Claro, no hay comparación posible, por un lado, entre el daño que pueda hacer Putin a un mundo en grave riesgo de guerra -nos lo advertía la ministra de Defensa, Margarita Robles, en lo que podría considerarse casi una reprimenda a los ciudadanos que miran hacia otro lado ante este peligro--, o el que alguien como Trump pueda causar a la causa de la moralidad, la ética y hasta a la estética del mundo mundial, y, por otro, los destrozos que al Estado español pueda provocarle alguien tan de la 'serie B' como Puigdemont.

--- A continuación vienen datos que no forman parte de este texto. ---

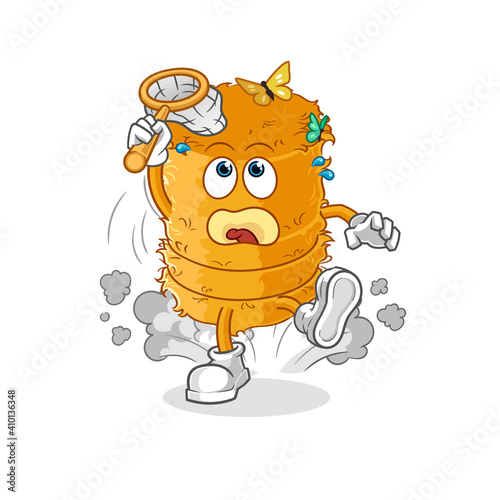 straw roll catch butterfly illustration. character vector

Por supuesto, hay escalas incluso en la catástrofe, y Carles Puigdemont es una escala menor: el personaje me repele, pero no tendría la desfachatez de equipararle con el asesino Putin ni con el chiflado -con perdón- Trump. Puigdemont no pasa de ser casi un daño colateral, usted me entiende. Pero el caso es que quiere colgarse el cartel de presidente, aunque sea un cartel pequeñito, escrito con minúsculas, y eso asusta un poco.
El hecho de que Puigdemont pueda siquiera llegar a presentarse como candidato a presidir nada menos que la Generalitat catalana, que haya forzado su autoamnistía, que siga pavoneándose de que seguirá con el 'procés' golpista, ahora alzando la bandera de la autodeterminación para convertirse en una República independizada del Estado español, no deja de ser un disparate del cual habría de avergonzarse quien lo ha permitido y hasta fomentado en beneficio de su propia permanencia en la gobernación del país. No hay normalización, sino anormalidad plena, en el hecho de que el fugado de Waterloo puede estar ya anunciando que regresará, pase lo que pase, a tierra catalana (o sea, española) para proclamar el 'ja soc aquí' como Tarradellas, quien, por cierto, sacaba muchas cabezas en talla política y sentido común a su sucesor remoto Puigdemont. Claro que también el interlocutor de Tarradellas al frente del Gobierno central superaba en muchos centímetros de estatura política al actual interlocutor del fugado.
No sé qué ocurrirá a continuación, cuando el imprevisible y peculiar hombre que se fugó de la (lógica) persecución policial y judicial anuncie lo que todos esperan que anuncie, y lo haga, además, en tono desafiante. Creo que sus posibilidades electorales son escasas, pero el victimismo, el jugar a la contra, el 'cuanto peor mejor', funcionan en algunos territorios especialmente agobiados.
Honestamente, me parece que, diga cada cual lo que quiera, ahora mismo nadie sabe lo que de verdad va a pasar en Cataluña, que es la clave para entender lo que ocurrirá en el conjunto de España. Muchas de las proclamas que hoy se hacen, en el sentido de que determinada fuerza política 'jamás' pactará con tal otra, algunas de las encuestas hechas en este momento, son papel mojado, un castillo de naipes: ya admitía el cínico Romanones que "cuando en política digo 'jamás', quiero decir 'hasta esta misma tarde'". Aquí, las promesas electorales, los 'jamás haré' y los indicios que nos lanzan los que dicen saber hay, son cosas que hay que poner entre los paréntesis de lo relativo.
Pues eso: que mi cuaderno de notas se llenará de aprensiones varias cuando, previsiblemente (ojala me equivocase), haya de escribir en él que un tal Carles Puigdemont, el hombre que quiere destruir España -porque eso es lo que quiere, ¿no?-, aspira a ser 'monsieur le president' de todos los catalanes y catalanas, o sea, volver a ser la pesadilla para todos los españoles, al menos la mitad de los catalanes incluidos. Claro que ya nos decía Sánchez que cualquier alianza con quien hoy ha pasado de ser vicepresidente a tabernero nos quitaría el suelo al noventa por ciento de los españoles y, sin embargo, lo primero que hizo tras aquellas elecciones de 2019 fue aliarse con él, ¿recuerda usted? Ahora, repetimos pesadilla y hala, todos a dormir mal otra temporada.